ROS production was measured in serum-treated primary Sertoli cells cultures using DCFDA/H2DCFDA-Cellular ROS Assay Kit (ab113851, Abcam) according to the manufacturer’s instructions. Fluorescence was measured immediately, then after 10, 30, and 60 min on a NOVOStar Microplate reader (BMG Labtech). The experiment was run in triplicates, which were averaged for each time point.

DNA and RNA extraction

For sorted Sertoli cells obtained from adult males, DNA and RNA were extracted using the AllPrep DNA/RNA/miRNA universal Kit (Qiagen) according to the manufacturer’s instructions. For cultured cells harvested in TRIzol (Thermo Fisher Scientific), a phenol/chloroform extraction method was used to prepare RNA.

RNA sequencing

RNA samples were run on a Bioanalyzer (Agilent) at a concentration of 1.5 ng/μl using the eukaryote total RNA pico series II assay (Agilent) to assess RNA integrity. Libraries for RNA sequencing were prepared from 5 ng RNA/sample using the SMARTer Stranded Total RNA-Seq Kit v2 - Pico Input Mammalian (Takara) according to the manufacturer’s instructions using 12 PCR cycles for amplification. DNA concentration of libraries was determined using Qubit dsDNA HS Assay Kit, and libraries were diluted to 1.5 ng/μl, then run on a Bioanalyzer (Agilent) using the High Sensitivity DNA Assay Protocol (Agilent) for quality control. Libraries were sequenced on an Illumina NovaSeq instrument, single-end at 100 bp.

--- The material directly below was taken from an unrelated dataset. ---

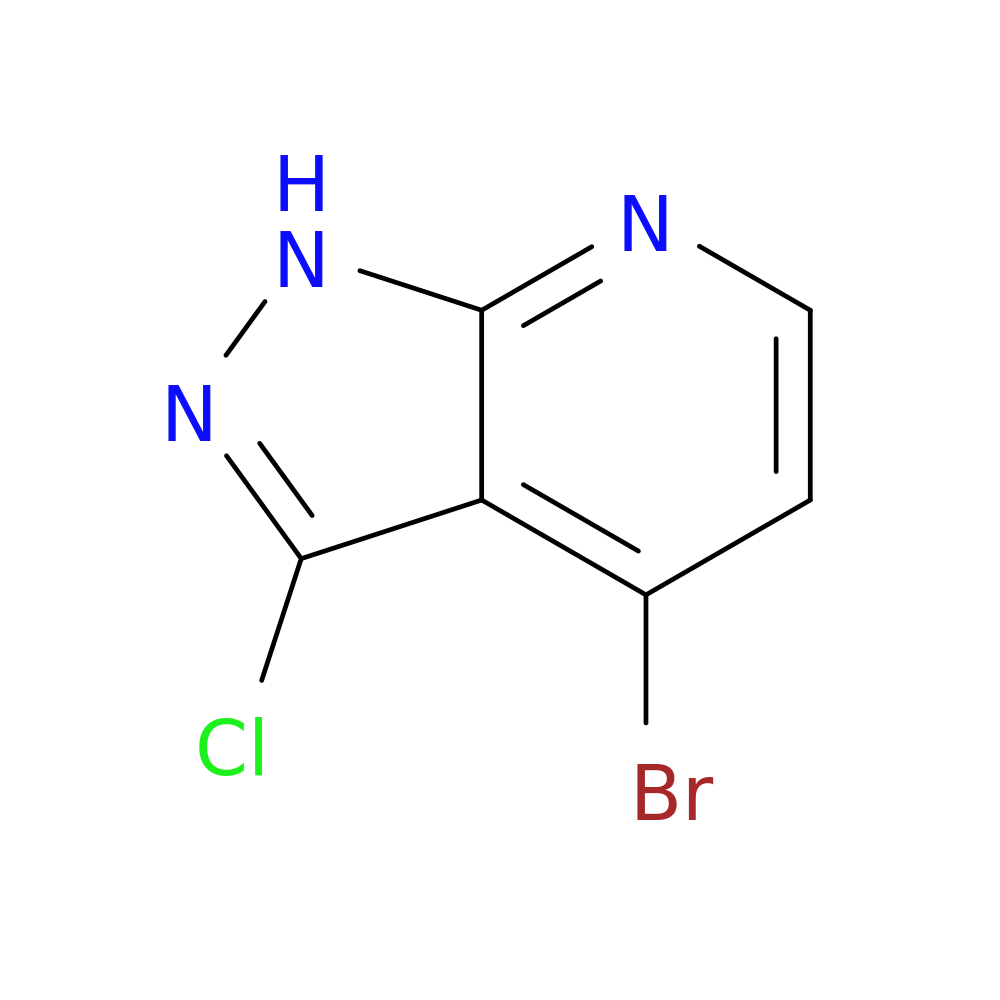 4-bromo-3-chloro-1H-pyrazolo[3,4-b]pyridine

Analyses of RNA sequencing data

Fastq files were checked for quality using FastQC (v 0.11.9) (Andrews 2010) trimmed with Trimgalore (v 0.6.5) (Krueger 2012) and pseudo-mapped with Salmon (v 1.1.0) (Patro et al., 2017) using an index file created from the GENCODE annotation of transcripts (vM23) (Frankish et al., 2019). For differential gene expression analysis, counts were normalized using the TMM method (Robinson and Oshlack 2010) and transformed with the voom method of the limma R-Package (v 3.42.2) (Ritchie et al., 2015) for linear modelling. All genes with p < 0.05 were used for functional enrichment analyses using the g:GOSt function of g:Profiler (Raudvere et al., 2019), taking into account GO terms and KEGG pathways with 10–1000 annotated genes. GO terms were further simplified using Revigo (Supek et al., 2011).

Fluidigm RT-qPCR

RNA was reverse-transcribed with miScript II RT reagents (Qiagen) using HiFlex buffer according to the manufacturer’s instructions. For high-throughput gene expression analyses, samples and primers (list of primers: Supplemnetary Table S3) were prepared for the Fluidigm BioMarkTM HD System (Fluidigm) according to the manufacturer’s protocol. Pre-amplified cDNA samples and primers were loaded onto a 96.96 dynamic arrayTM (primers were loaded in duplicates) and mixed using an IFC (integrated fluidic circuits) machine (Fluidigm). Ready chips were then placed into a Fluidigm BiomarkTM HD System for RT-qPCR analyses.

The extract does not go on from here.